As for Captain Nowak, since time immortal people have done really stupid things in the name of love (myself included) so I think I can empathize with her a little bit. Not that I ever went the route of attempted murder that is!

Heather said...

Amen.

Anonymous said...

Brilliant post, and all too true.

I'm not entirely sure it's down to the idea of risk assessment which is sensible in itself: I think the problem has coming about form insurance companies & penny pinchers hiding behind the risk assessments as an excuse not to do something.

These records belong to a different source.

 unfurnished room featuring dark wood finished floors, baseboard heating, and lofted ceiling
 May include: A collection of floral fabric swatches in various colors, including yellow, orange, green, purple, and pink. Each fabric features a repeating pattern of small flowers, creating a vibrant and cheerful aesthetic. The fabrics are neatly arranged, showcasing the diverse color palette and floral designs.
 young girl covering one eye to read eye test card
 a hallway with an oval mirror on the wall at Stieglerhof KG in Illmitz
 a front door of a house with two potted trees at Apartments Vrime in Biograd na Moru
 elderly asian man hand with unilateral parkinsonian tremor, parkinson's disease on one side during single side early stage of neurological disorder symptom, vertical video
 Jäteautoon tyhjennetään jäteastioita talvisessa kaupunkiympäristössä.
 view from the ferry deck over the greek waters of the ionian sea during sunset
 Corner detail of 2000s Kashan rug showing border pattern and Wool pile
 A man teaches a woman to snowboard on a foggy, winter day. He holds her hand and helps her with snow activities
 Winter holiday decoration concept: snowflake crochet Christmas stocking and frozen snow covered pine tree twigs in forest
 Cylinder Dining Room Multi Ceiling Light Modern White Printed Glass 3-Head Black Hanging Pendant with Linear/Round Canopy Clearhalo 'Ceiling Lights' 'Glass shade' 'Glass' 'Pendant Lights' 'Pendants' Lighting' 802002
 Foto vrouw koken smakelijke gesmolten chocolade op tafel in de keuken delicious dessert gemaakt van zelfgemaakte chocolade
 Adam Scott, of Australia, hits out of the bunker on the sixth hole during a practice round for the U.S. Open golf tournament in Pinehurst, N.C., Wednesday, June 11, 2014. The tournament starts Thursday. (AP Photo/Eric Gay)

The people who trip over their own fat asses and then run to a lawyer are to blame. The people who spend all their budget on decorating their office and then canceling a school trip because of 'risk' are to blame.

The human race is on a downward spiral, and I'm not sure hat the answer is...

The Curmudgeon said...

Linda -- thank you for your clarification!

East -- who is limiting who? Can they be exposed and moved out of the way?

Empress Bee (of the high sea) said...

naw curmy, they're just a bunch of wackos. now if i had been the one to go into space, see, i would have been real good when i got back. made women proud. i still remember sally ride, how proud i was to see her stepping off the shuttle, waiting for her remarks, so happy a woman had gone finally! off she steps, and out of her mouth was the following: "ewwww it was soooo much fun!" yeesh. wackos. all of 'em... drat.

smiles, bee

Anonymous said...

Some brilliant links here again, I may post up on them over the weekend, though I am trying not to blog at weekends. You really couldn't make it up, I thought we were just mad in the UK.

SQT said...

I hadn't really thought of Nowak being a risk taker without enough to do. I basically figured she cracked under the strain.

But I have known a few adrenaline junkies in my time and they are built differently. I remember watching Travis Pastrana (stunt motorcyclist) do the double backflip on his bike and land it. It was incredible, but if had missed he'd probably be a parapalegic at 20-something. It sure as heck isn't worth it in my book.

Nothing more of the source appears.